Horgan’s group, ShannonWatch, has documented the use of the airport as a stopover for CIA rendition flights (see their page documenting such flights).

According to my sources, Dr. Horgan has the support of personnel at the U.S. Embassy in Dublin. But it appears the U.S. State Department and Department of Homeland Security back in Washington D.C. have slowed down the process to ensure that Horgan, a respected peace activist and retired Commandant with the Irish Defence Forces, cannot speak face to face with Americans, and meet with his associates in the international anti-renditions, anti-torture movement.

Dr. Horgan told the Irish Times back on March 20, “What has happened to me is an indication that anyone who dares criticise US foreign policy will have difficulty getting into the country."

As I wrote back on March 16:

It seems reasonable to assume, lacking any other evidence, that Horgan is being politically targeted by the Obama administration. This is the kind of behavior we came to expect in the days of Bush and Cheney. But it goes with the territory. Barack Obama decided in the first weeks of his administration to maintain the previous administration’s rendition program, complete with fig-leaf assurances that U.S. authorities would receive no-harm promises from Egypt, Morocco, Jordan, and other rendition destination sites known for wide-spread use of torture. No human rights organization believes that promise, and U.S. State Department Human Rights Country Reports have strongly criticized many of these countries for their use of torture, arbitrary detention and prison conditions.

Meanwhile, Horgan’s plight has gotten some coverage back in Ireland. From Eithne Tynan in yesterday’s Sunday Tribune:

What an interesting coincidence, then, that in the very same week in which Obama was acknowledging our plucky commitment to the American war effort, Horgan’s 10-year US visa was unexpectedly revoked. Horgan had been due to speak at a conference against torture and extraordinary rendition at Duke University in North Carolina next month….
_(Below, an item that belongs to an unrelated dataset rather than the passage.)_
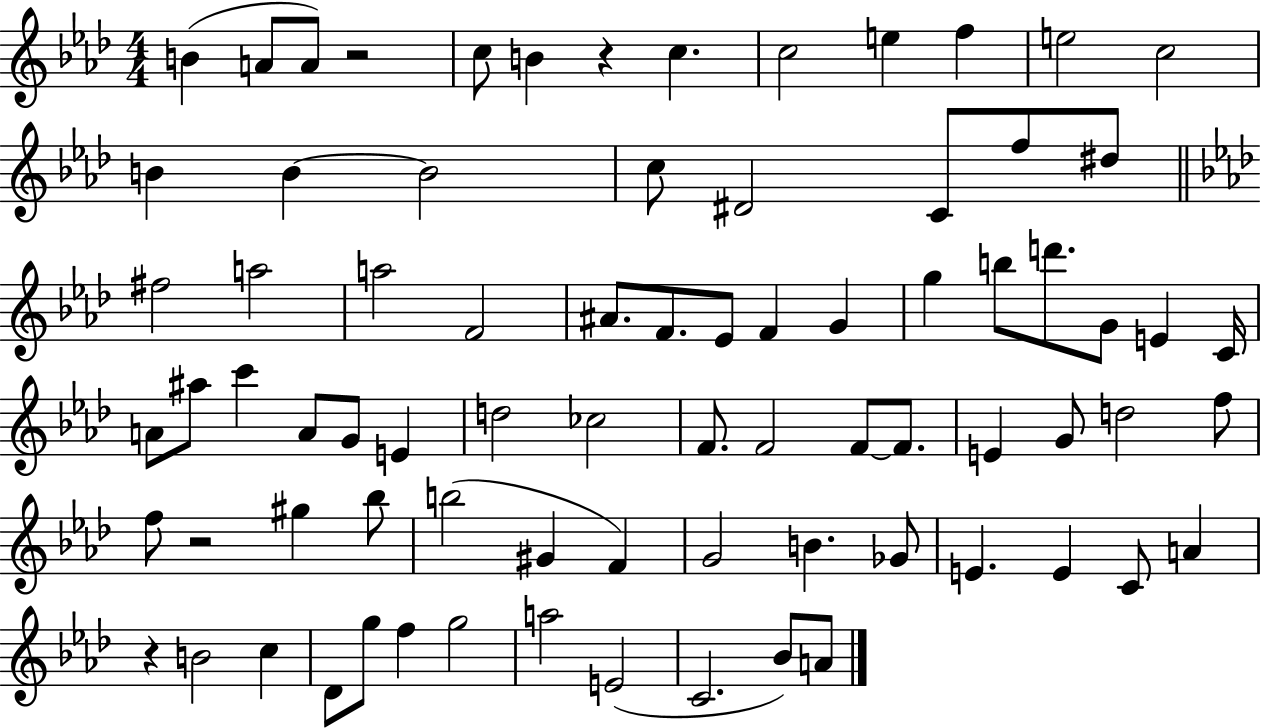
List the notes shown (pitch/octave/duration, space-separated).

B4/q A4/e A4/e R/h C5/e B4/q R/q C5/q. C5/h E5/q F5/q E5/h C5/h B4/q B4/q B4/h C5/e D#4/h C4/e F5/e D#5/e F#5/h A5/h A5/h F4/h A#4/e. F4/e. Eb4/e F4/q G4/q G5/q B5/e D6/e. G4/e E4/q C4/s A4/e A#5/e C6/q A4/e G4/e E4/q D5/h CES5/h F4/e. F4/h F4/e F4/e. E4/q G4/e D5/h F5/e F5/e R/h G#5/q Bb5/e B5/h G#4/q F4/q G4/h B4/q. Gb4/e E4/q. E4/q C4/e A4/q R/q B4/h C5/q Db4/e G5/e F5/q G5/h A5/h E4/h C4/h. Bb4/e A4/e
It need hardly be said that Horgan is a respectable man – not a terrorist suspect, nor a whining dreadlocked git, nor even a participant in any of those tiresome quilting and drumming workshops on the roundabout leading into Shannon [Airport] . However, he does point out, repeatedly, that the extraordinary rendition story has absolutely not gone away, despite the presence of a goodie in the White House. Shannon is still a US military zone, with 5,000 US troops passing through it every week, and, as Amnesty International points out, the government is still resolutely refusing to search suspected rendition flights landing there.

What does the Obama administration fear from the presence of Dr. Horgan? If there is fear, it is on the side of those who politically oppose U.S. policies, and see the revocation of Horgan’s visa as political retribution against policy critics. On the other side of all Obama’s pretty words about transparency and a new openness, the iron hand of the state is announcing it still holds its trump card, in the form of repression. And apparently, Secretary of State Hillary Clinton and President Barack Obama are not afraid of using it.